Suppose we have a partial computable injective function $f: \mathbb N\to \mathbb N$ whose image is computable. I'm trying to show that then the image of every computable set is computable, and that this is false for non-injective functions (by a counterexample).
Suppose $X$ is computable and one wants to check if $y$ lies in $f(X)$. The problem asks to construct an algorithm of how to do this. What I can think of is this: the algorithm accepts $y$. Since $im(f)$ is computable, we one can tell whether $y\in im(f)$. If this is false, then $y\notin f(X)$ either. Suppose $y\in im(f)$. Then for some $x\in dom(f)$, $f(x)=y$. Now it would be natural to find such an $x$ (which would be unique due to injectivity). (And then one would be able to tell whether $x\in X$ or not.) But how to find an algorithm/program doing this?

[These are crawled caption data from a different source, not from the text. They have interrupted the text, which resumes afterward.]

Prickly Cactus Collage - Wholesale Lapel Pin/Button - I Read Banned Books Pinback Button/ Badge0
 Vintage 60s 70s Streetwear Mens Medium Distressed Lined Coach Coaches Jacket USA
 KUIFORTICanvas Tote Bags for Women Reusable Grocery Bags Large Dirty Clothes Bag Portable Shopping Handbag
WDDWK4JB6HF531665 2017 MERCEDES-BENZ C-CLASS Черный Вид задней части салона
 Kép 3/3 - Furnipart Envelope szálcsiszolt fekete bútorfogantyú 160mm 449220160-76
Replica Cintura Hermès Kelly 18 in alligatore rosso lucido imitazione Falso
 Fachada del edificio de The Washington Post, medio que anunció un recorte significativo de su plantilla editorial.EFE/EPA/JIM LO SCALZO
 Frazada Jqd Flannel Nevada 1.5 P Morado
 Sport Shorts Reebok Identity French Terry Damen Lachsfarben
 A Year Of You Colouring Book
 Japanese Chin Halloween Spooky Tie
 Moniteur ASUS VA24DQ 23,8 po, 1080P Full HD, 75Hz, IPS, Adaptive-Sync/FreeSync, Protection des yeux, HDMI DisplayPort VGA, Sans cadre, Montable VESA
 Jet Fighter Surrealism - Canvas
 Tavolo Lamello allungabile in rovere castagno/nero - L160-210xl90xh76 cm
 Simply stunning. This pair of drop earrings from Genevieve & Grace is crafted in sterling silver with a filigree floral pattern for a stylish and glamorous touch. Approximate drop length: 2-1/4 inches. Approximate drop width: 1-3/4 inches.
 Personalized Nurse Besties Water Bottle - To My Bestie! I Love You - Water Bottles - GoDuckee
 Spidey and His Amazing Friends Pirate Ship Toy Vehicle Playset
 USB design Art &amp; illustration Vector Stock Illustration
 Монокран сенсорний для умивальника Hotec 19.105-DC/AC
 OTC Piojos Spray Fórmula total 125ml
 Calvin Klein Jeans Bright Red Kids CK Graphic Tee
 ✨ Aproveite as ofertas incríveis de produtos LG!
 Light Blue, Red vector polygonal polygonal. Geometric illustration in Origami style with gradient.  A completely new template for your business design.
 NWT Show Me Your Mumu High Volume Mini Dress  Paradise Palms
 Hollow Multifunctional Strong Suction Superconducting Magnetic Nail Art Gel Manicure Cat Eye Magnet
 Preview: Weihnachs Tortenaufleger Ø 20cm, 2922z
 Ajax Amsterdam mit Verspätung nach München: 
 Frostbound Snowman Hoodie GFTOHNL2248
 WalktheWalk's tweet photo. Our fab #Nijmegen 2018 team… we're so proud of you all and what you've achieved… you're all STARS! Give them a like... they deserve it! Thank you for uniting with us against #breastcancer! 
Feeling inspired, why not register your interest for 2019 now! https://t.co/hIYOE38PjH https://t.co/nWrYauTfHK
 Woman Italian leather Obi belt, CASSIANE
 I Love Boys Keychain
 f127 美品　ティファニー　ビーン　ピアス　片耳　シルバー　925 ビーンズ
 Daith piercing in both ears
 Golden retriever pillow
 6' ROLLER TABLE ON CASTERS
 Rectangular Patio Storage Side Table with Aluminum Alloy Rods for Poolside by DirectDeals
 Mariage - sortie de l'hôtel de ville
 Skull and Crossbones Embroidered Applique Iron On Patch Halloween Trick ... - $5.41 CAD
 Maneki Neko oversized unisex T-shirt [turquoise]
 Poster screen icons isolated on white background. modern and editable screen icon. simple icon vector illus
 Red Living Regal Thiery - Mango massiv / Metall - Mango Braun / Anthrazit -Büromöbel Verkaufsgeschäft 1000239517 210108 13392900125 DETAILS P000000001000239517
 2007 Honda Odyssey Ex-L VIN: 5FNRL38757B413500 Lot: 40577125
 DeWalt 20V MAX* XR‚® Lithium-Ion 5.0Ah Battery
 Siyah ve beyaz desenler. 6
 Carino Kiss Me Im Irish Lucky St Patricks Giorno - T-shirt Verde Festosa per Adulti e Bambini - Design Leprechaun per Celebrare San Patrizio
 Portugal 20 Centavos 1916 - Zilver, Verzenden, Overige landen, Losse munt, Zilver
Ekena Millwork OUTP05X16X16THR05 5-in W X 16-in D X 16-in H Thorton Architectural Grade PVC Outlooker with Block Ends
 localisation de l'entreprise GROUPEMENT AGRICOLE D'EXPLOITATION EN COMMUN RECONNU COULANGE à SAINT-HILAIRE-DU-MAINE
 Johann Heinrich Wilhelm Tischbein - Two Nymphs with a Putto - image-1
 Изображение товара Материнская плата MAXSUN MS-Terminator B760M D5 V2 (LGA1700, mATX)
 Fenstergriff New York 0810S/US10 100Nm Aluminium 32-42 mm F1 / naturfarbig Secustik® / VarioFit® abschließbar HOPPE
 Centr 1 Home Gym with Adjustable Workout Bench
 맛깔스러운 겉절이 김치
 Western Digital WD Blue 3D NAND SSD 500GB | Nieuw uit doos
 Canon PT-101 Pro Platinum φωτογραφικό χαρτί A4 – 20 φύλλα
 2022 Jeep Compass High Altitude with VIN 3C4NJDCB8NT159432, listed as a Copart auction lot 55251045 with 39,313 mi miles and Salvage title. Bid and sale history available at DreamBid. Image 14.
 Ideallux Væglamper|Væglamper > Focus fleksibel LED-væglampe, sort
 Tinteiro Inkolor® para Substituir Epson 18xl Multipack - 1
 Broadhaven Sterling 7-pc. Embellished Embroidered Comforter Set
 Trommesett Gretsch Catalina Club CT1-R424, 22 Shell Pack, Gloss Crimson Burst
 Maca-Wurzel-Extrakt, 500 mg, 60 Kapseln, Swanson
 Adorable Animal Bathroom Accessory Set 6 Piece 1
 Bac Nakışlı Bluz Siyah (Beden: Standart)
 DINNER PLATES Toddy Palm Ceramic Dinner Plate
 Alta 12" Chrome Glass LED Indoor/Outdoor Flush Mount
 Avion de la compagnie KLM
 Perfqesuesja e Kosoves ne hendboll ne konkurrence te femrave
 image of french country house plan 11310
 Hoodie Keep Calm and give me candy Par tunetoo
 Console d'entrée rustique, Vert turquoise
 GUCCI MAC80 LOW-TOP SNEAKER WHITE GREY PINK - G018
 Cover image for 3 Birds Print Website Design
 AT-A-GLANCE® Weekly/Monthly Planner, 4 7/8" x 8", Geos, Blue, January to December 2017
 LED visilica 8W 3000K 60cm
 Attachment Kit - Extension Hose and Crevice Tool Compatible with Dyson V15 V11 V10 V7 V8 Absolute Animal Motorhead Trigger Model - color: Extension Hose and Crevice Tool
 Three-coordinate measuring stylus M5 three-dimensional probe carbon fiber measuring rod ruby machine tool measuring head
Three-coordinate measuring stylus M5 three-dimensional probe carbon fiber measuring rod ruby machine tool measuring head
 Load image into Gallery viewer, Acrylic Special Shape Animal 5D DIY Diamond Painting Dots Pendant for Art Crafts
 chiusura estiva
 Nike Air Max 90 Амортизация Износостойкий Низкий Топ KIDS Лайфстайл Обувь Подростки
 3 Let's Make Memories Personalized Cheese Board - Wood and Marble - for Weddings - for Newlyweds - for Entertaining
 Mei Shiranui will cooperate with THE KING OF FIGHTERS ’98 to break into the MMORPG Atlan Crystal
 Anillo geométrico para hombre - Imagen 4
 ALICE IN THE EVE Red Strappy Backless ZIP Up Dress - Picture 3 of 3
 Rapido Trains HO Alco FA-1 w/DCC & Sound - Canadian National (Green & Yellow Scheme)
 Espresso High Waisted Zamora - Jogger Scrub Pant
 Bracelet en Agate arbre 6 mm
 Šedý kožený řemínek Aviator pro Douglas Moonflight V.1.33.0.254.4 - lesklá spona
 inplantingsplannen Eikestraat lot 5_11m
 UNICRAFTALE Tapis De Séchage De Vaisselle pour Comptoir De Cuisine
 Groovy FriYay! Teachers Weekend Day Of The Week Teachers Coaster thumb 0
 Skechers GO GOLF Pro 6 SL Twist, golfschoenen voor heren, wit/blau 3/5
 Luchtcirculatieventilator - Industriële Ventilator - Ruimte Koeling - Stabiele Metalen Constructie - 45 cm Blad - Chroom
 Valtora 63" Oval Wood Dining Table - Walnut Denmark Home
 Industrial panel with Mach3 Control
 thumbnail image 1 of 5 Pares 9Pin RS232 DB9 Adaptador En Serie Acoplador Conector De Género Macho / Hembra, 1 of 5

The domain of $f$ may be infinite, so it may be not possible (in finite time) to check for every $x\in dom(f)$ if $f(x)=y$. Also I don't see how the computability of $f$ can be used here.
As for the counterexample, once I understand how to find $x$ with $f(x)=y$, the most trivial counterexample should work, like $\{1,2\}\to \mathbb N, 1,2\mapsto 1$. Is that right?